Speak fluently: Learn English idioms today!
Idioms are important if you want to speak English fluently and naturally. Some are easy, some are more difficult. Some are clear in meaning, while some are hard to understand, but as a student, it’s vital to learn English idioms.
The best way to learn English idioms, firstly, is to use them – think about the answers to questions that use them, think about how you can use them in conversation.
We have a series of videos on English idioms to help you learn natural and authentic English. English in the real world is very different to English in a textbook, and learning English idioms can be done at your own time and pace.
See our videos here. We have new videos every week, all with natural English taken from a corpus of spoken English from people’s whose first language is English – native speakers.
Remember that this is not a race. The nuance of idioms can be difficult to understand at first. Learn a new idiom every month, week, or even day!

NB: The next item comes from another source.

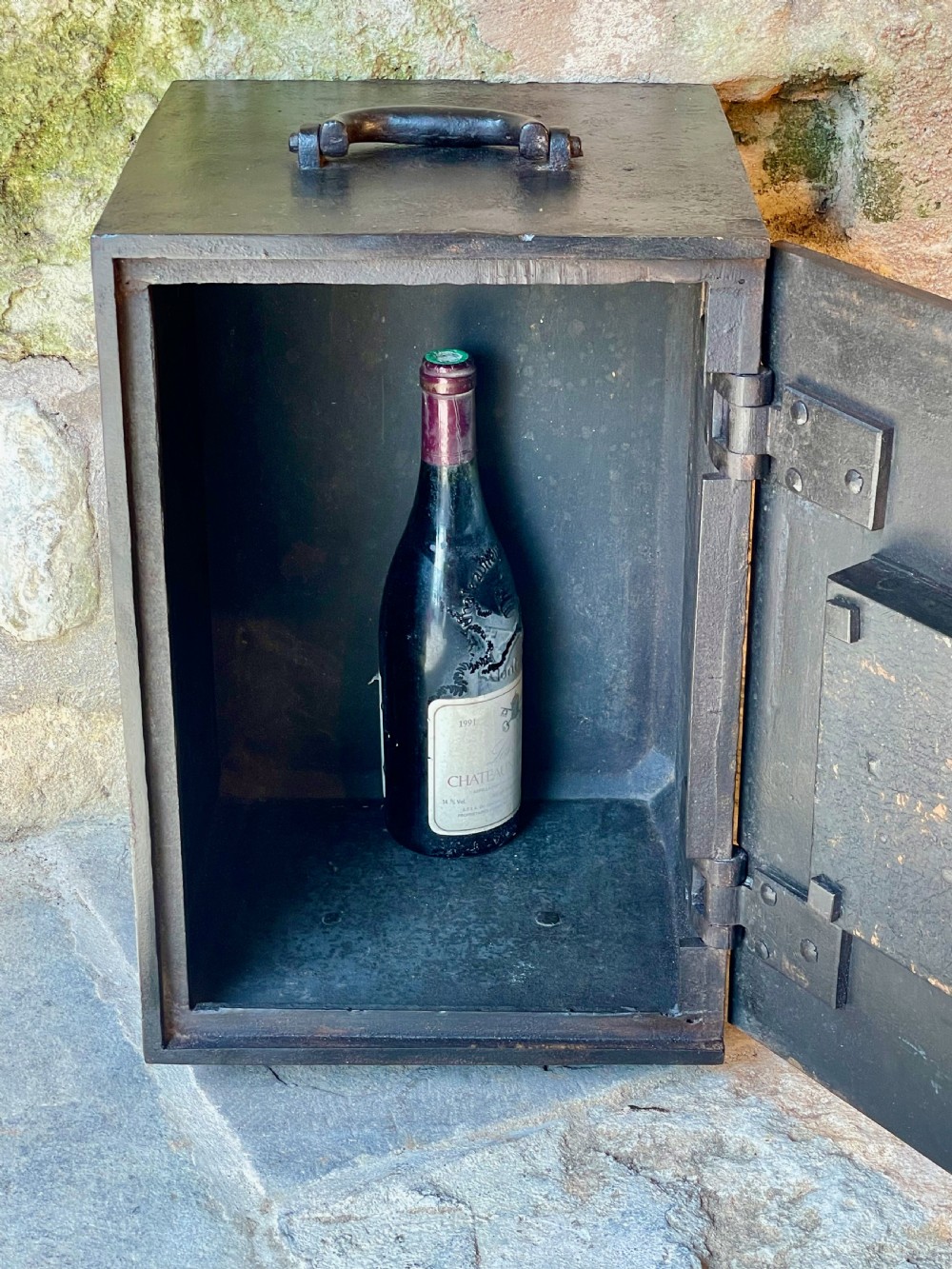 Victorian safe / strong box View XV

You don’t have to learn each one perfectly, but study them and then notice how often they appear on TV and in film, in books, and in everyday conversation. Eventually you will be able to use English idioms correctly yourself.

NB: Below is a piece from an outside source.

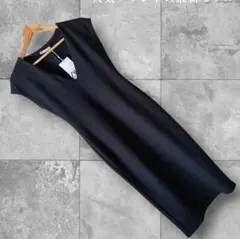 新品タグ付き　ZARA　Vネック　ノースリーブワンピース　ブラック　М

Learn an idiom every day, and soon you will find yourself a fluent speaker of English!
Here’s an English idiom to learn now:
To take the wind out of someone’s sails
(hurt someone’s confidence)
(cause someone to lose motivation and energy)

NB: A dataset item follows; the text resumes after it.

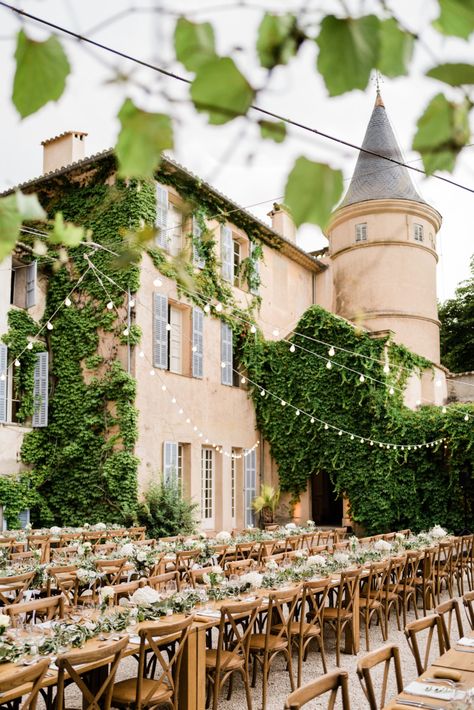 French Chateau Wedding, Outdoor Summer Wedding, Provence Wedding, Chateau Wedding, Summer Wedding Outdoor, Wedding Inspiration Summer, Countryside Wedding, Outdoor Reception, France Wedding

“I used to think I was pretty good-looking, but I haven’t been able to get a date for over a year. It’s really taken the wind out of my sails.”
Tracy was the hardest worker in her office, so when she didn’t get a pay-rise at her annual review it took the wind out of her sails.
Has anyone ever said something to you that really took the wind out of your sails?
Does English idioms boost your confidence, or has it taken the wind out of your sails?
So learn an idiom every day, don’t throw in the towel, and you’re sure to hit a homerun!